_What is needed_.
Only the lines from the one with "CosmoLiving by Cosmopolitan Cosmoliving" through the end of the data below belong in the answer, restated word for word, pictures excluded.
=== Begin Enclosure ===
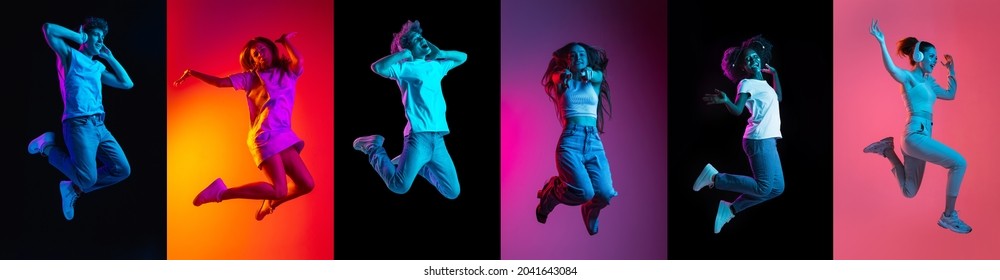 In a jump. Collage of an ethnically diverse young people in motion isolated over multicolored background. Youth culture. Concept of emotions, facial expression, feelings, fashion, beauty. - Shutterstock ID 2041643084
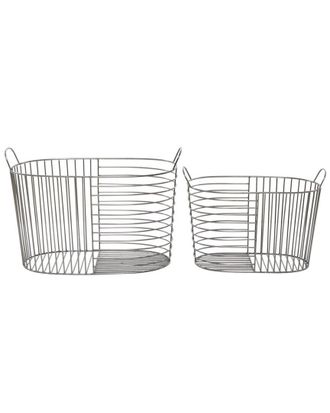 CosmoLiving by Cosmopolitan Cosmoliving By Cosmopolitan Silver Contemporary Basket Set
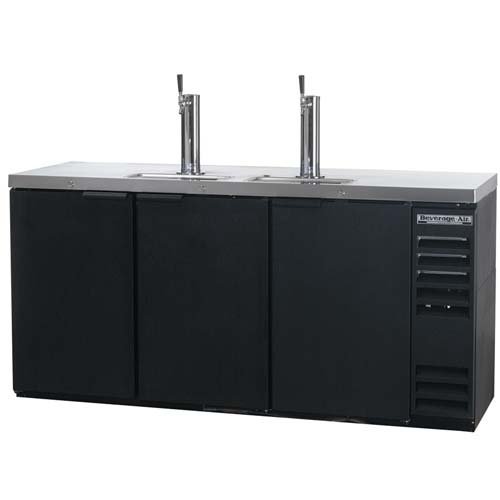 Beverage-Air DD72Y-1-B 72" Black 3-Tap Draft Beer Dispenser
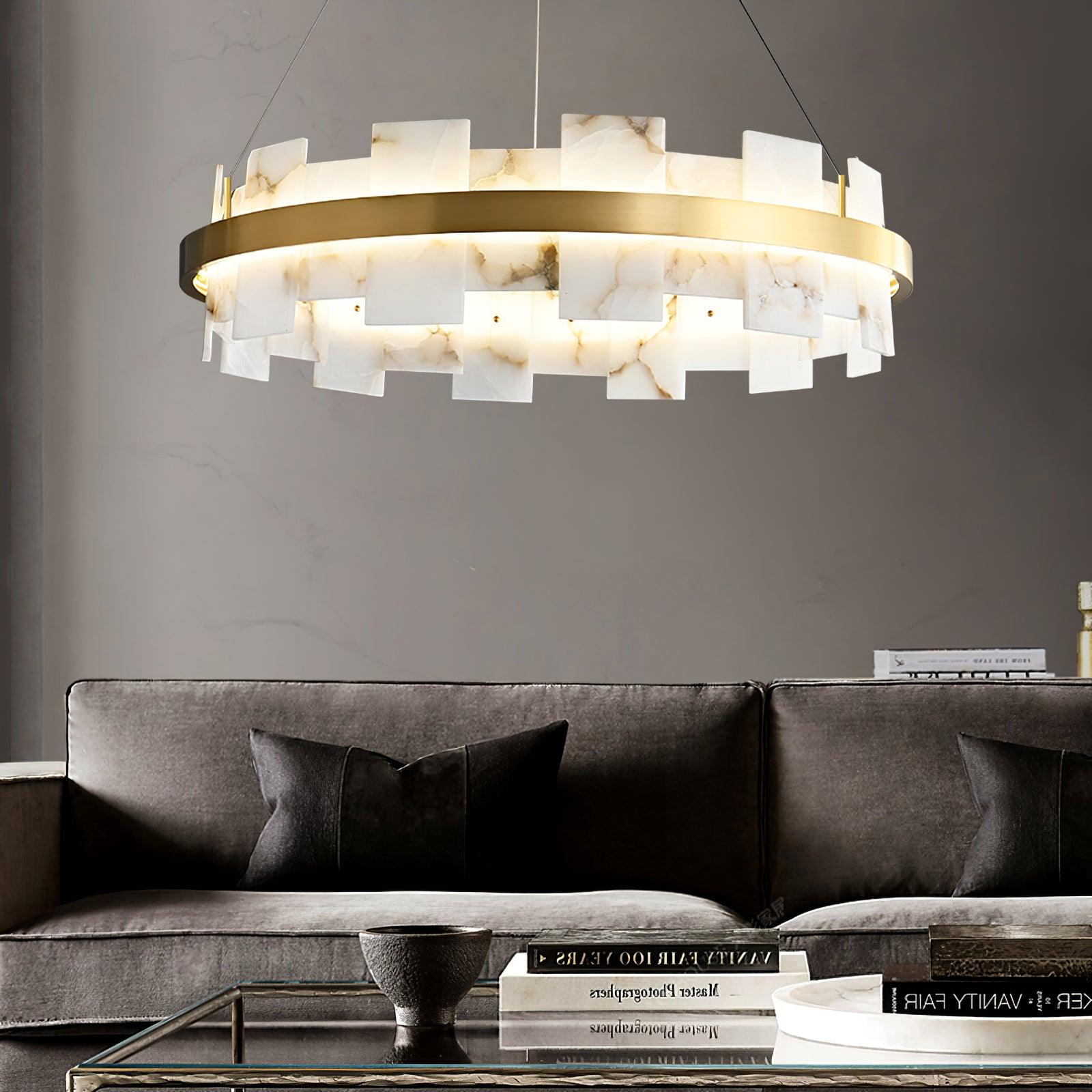 Alabasterfarget halolampe – integrert LED-ringbelysning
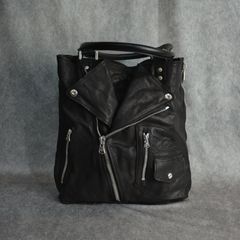 ジャパンカーフ タンニン鞣し 製品洗い加工 トートバック （BLACK）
=== End Enclosure ===
_Written solution_.
 CosmoLiving by Cosmopolitan Cosmoliving By Cosmopolitan Silver Contemporary Basket Set
 Beverage-Air DD72Y-1-B 72" Black 3-Tap Draft Beer Dispenser
 Alabasterfarget halolampe – integrert LED-ringbelysning
 ジャパンカーフ タンニン鞣し 製品洗い加工 トートバック （BLACK）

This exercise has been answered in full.